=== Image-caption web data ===
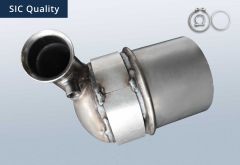 Dieselpartikelfilter CITROEN C3 Picasso 1.6 HDI 90
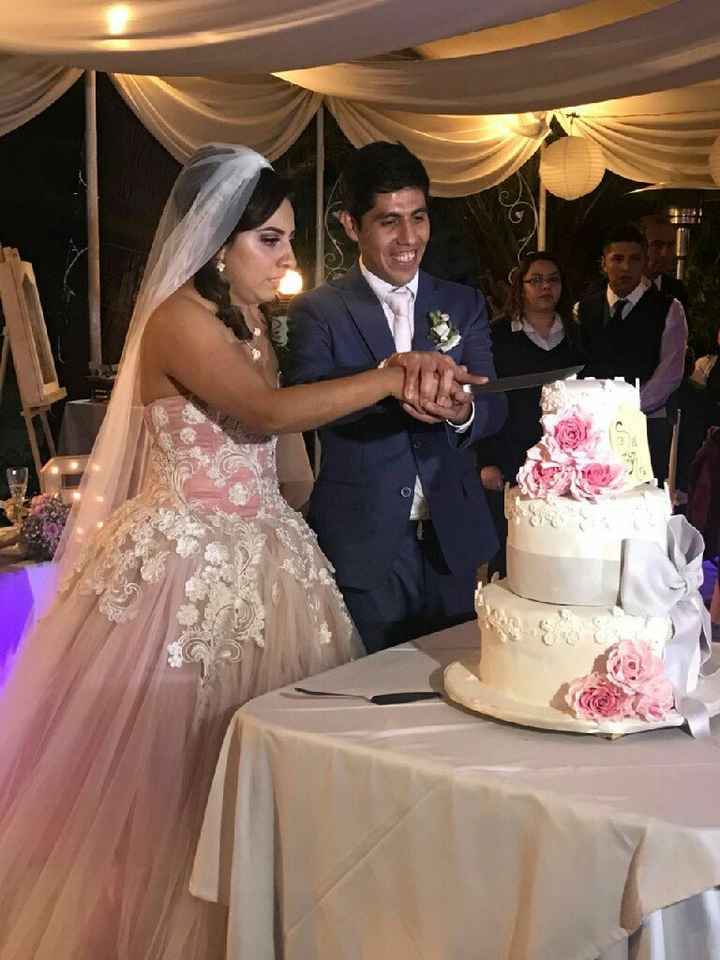 Pastel Fondant! 🎂👰🏻🤵🏻 - 2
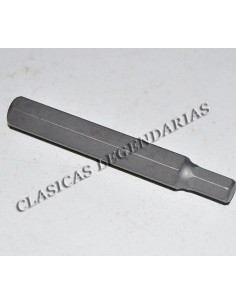 LLave allen 7mm Para tuercas fijacion cilindro cota, enduro, etc. ref. 4541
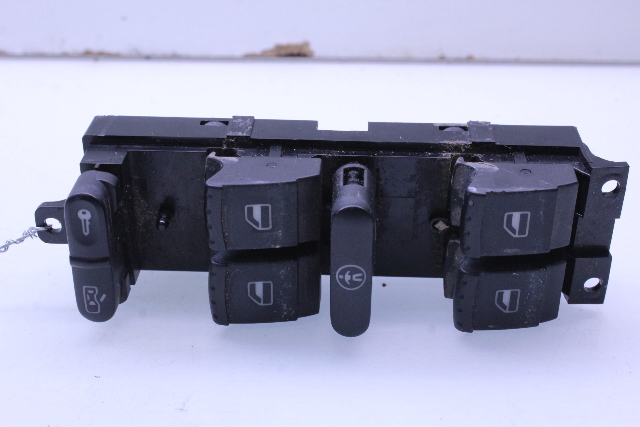 Volkswagen Jetta Golf Passat Power Window Switch Left Master 1J4959857B OEM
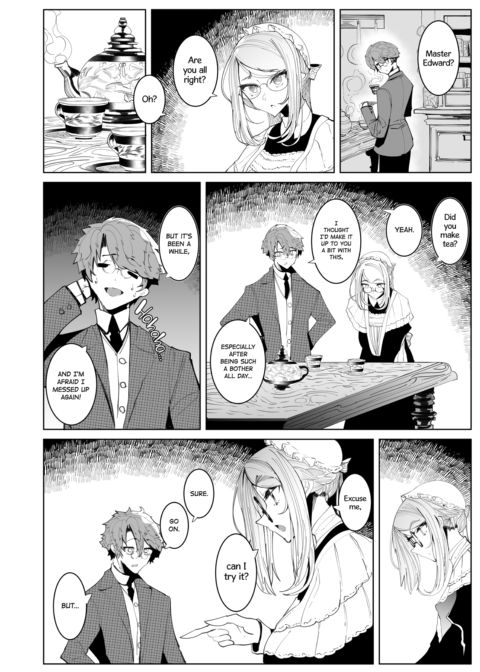 Gentleman's Maid Sophie 5 Chapter 1 page 16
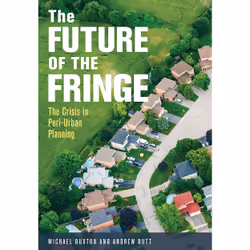 ISBN The Future of the Fringe, Livre broché, 184 pages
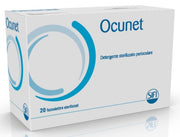 Detergente sterilizzati perioculari confezione da 20 buste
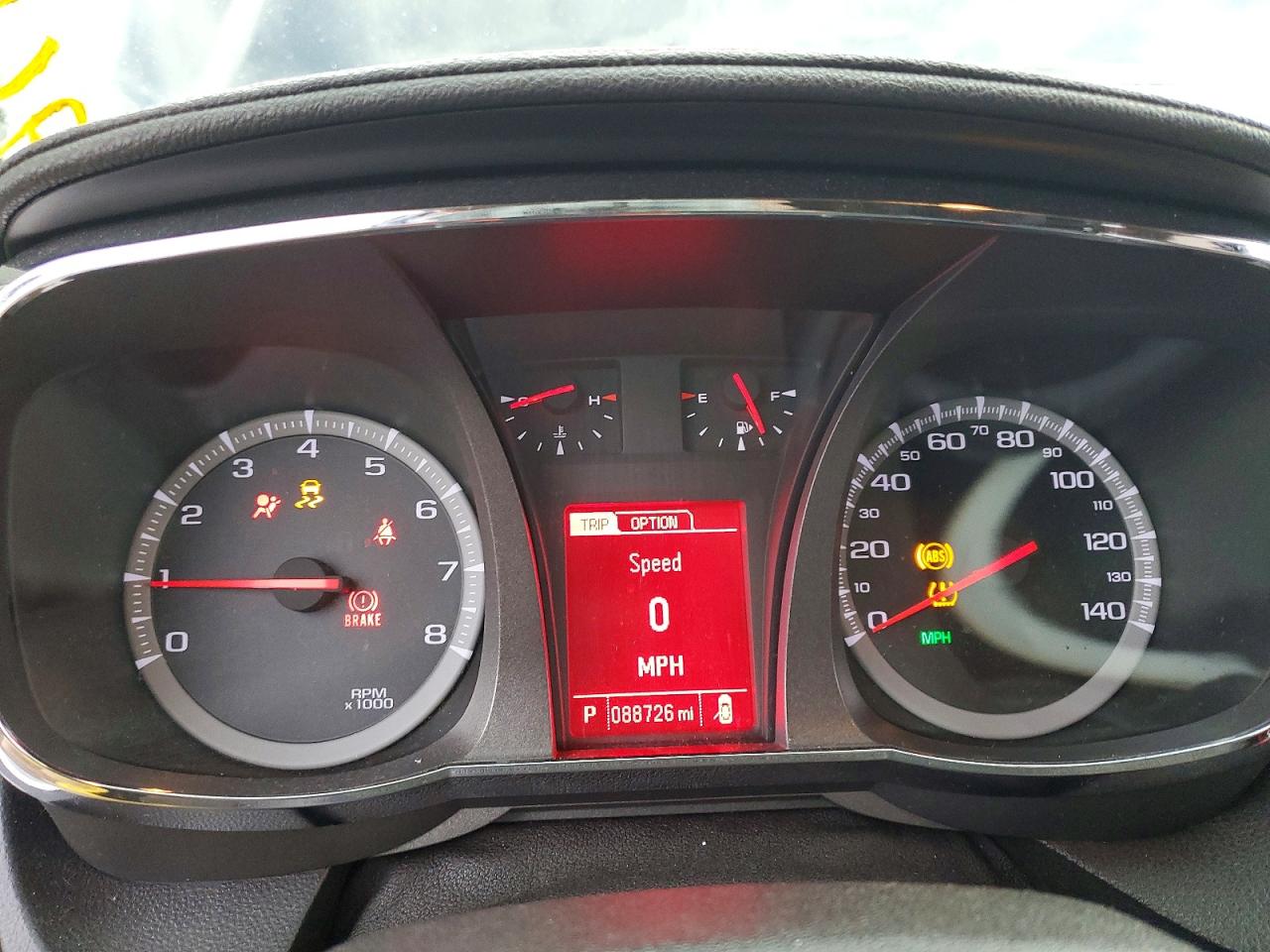 2015 GMC TERRAIN SLE photo 25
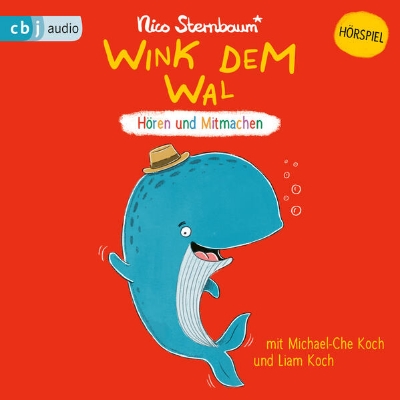 Bild von Wink dem Wal - (Audio Download)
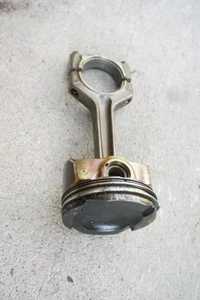 1 x OEM BMW E60 E90 N54 Piston + Connecting Rod 08-10 535i 335i 535xi 335xi - Picture 1 of 5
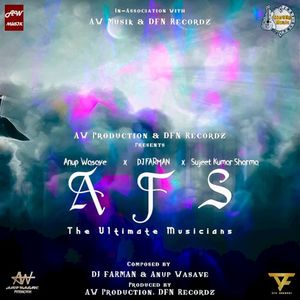 A F S (The Ultimate Musicians) (EP)
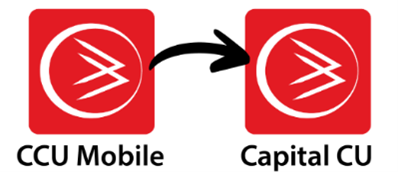 CCU mobile app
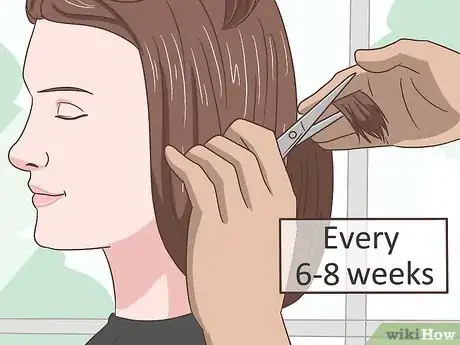 Image titled Help Damaged Hair Step 11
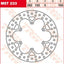 Rotor Trw Mst233 TRW TRW MOTOVEIKALS 21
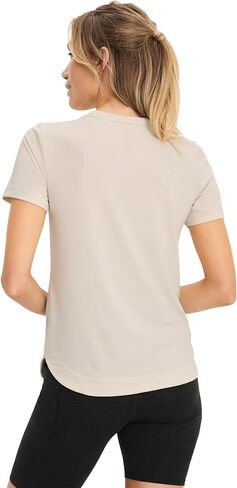 Jockey Women's Activewear EVERACTIVE Short Sleeve Crew Neck Tee in Saudi Arabia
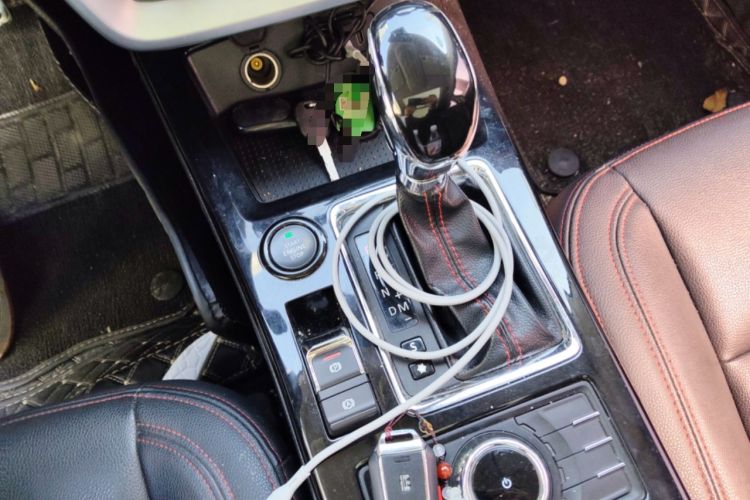 Used BAIC Off-Road BJ20 2016 1.5T CVT Luxury Model Gear Lever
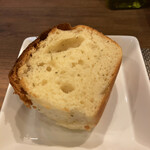 伊庵 - お代わりOKのパン(good‼️)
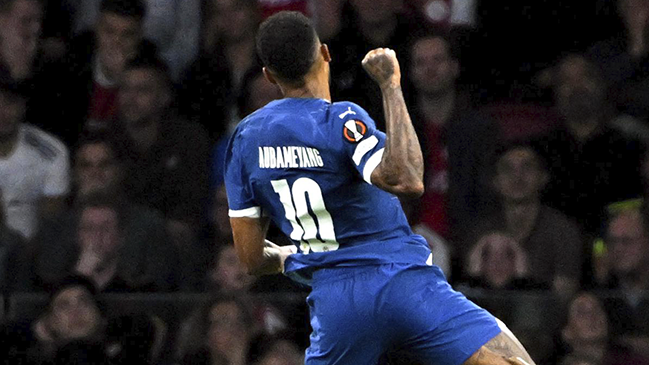 Ajax y Marsella animaron vibrante empate lleno de goles en Europa League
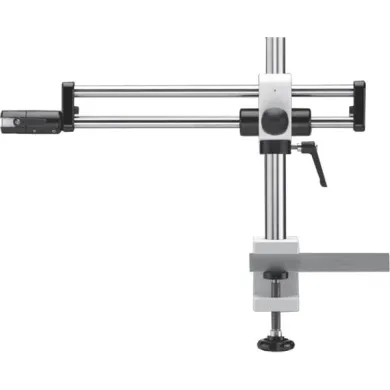SMS6B-TC Ball Bearing Boom Stand with Table Clamp, 24" Vertical Post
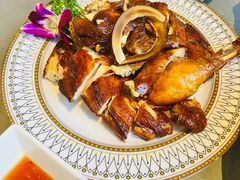 -沿江海南菜·文昌鸡祖师爷(大东海店)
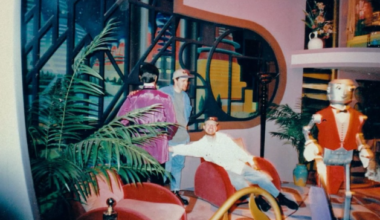 New Documentary on Disney World Thieves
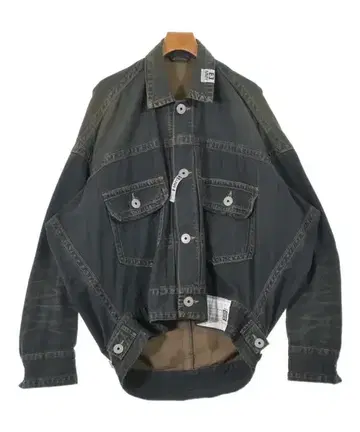 메종 미하라 야스히로 커버올 남성용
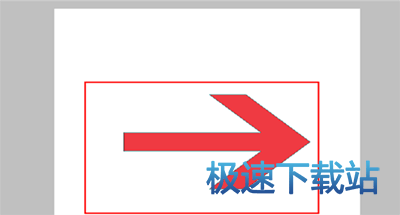 图：红色箭头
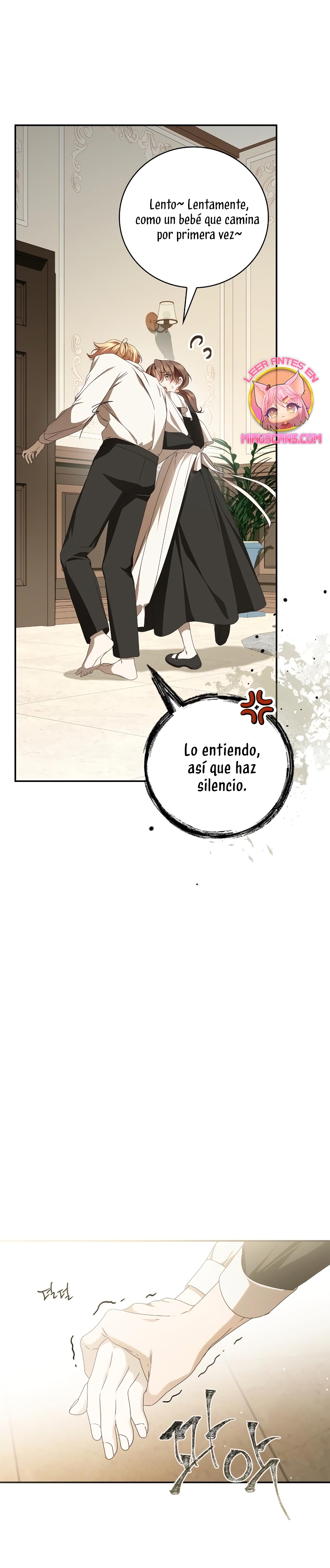 Doncella Secreta Capítulo 12 - Page 27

=== WHAT IS REQUIRED ===
Leaving the pictures aside, write out the entries above exactly.

=== SOLUTION FOR THIS EXERCISE ===
 Dieselpartikelfilter CITROEN C3 Picasso 1.6 HDI 90
 Pastel Fondant! 🎂👰🏻🤵🏻 - 2
 LLave allen 7mm Para tuercas fijacion cilindro cota, enduro, etc. ref. 4541
 Volkswagen Jetta Golf Passat Power Window Switch Left Master 1J4959857B OEM
 Gentleman's Maid Sophie 5 Chapter 1 page 16
 ISBN The Future of the Fringe, Livre broché, 184 pages
 Detergente sterilizzati perioculari confezione da 20 buste
 2015 GMC TERRAIN SLE photo 25
 Bild von Wink dem Wal - (Audio Download)
 1 x OEM BMW E60 E90 N54 Piston + Connecting Rod 08-10 535i 335i 535xi 335xi - Picture 1 of 5
 A F S (The Ultimate Musicians) (EP)
 CCU mobile app
 Image titled Help Damaged Hair Step 11
 Rotor Trw Mst233 TRW TRW MOTOVEIKALS 21
 Jockey Women's Activewear EVERACTIVE Short Sleeve Crew Neck Tee in Saudi Arabia
 Used BAIC Off-Road BJ20 2016 1.5T CVT Luxury Model Gear Lever
 伊庵 - お代わりOKのパン(good‼️)
 Ajax y Marsella animaron vibrante empate lleno de goles en Europa League
SMS6B-TC Ball Bearing Boom Stand with Table Clamp, 24" Vertical Post
 -沿江海南菜·文昌鸡祖师爷(大东海店)
 New Documentary on Disney World Thieves
 메종 미하라 야스히로 커버올 남성용
 图：红色箭头
 Doncella Secreta Capítulo 12 - Page 27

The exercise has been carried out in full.